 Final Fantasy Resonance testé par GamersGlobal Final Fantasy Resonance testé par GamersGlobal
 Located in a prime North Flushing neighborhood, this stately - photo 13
++++++++++
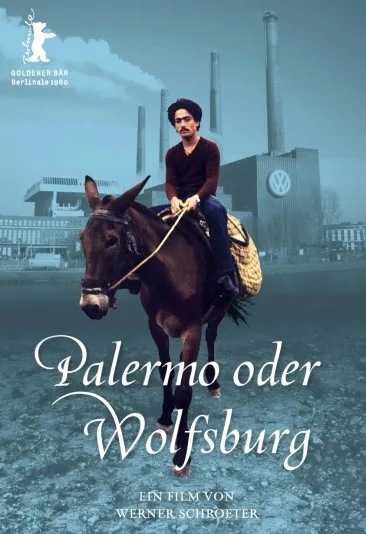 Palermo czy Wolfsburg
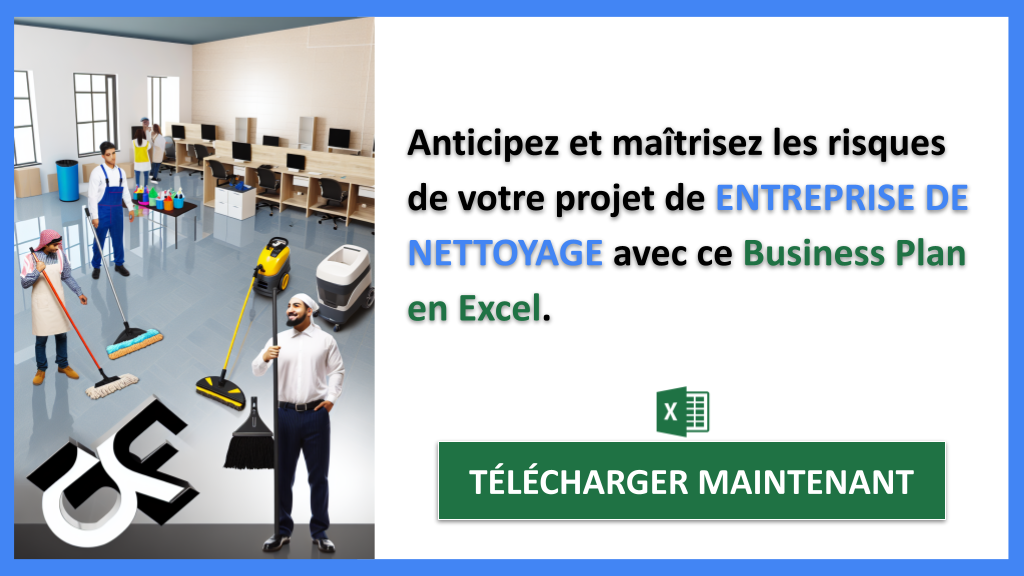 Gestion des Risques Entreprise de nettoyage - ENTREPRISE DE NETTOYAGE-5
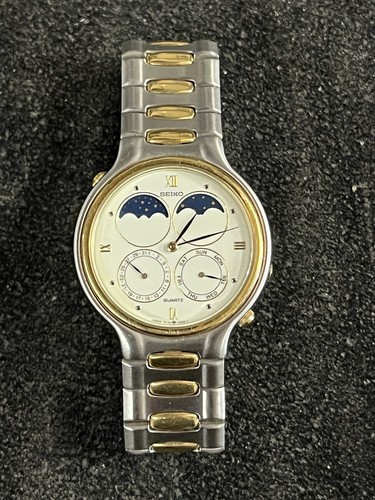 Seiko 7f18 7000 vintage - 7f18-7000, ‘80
++++++++++
= AIM OF THE EXERCISE =
Restate word for word only the lines above from the line containing "Final Fantasy Resonance testé par GamersGlobal Final" to the line containing "Located in a", both of them included.

= SOLUTION =
 Final Fantasy Resonance testé par GamersGlobal Final Fantasy Resonance testé par GamersGlobal
 Located in a prime North Flushing neighborhood, this stately - photo 13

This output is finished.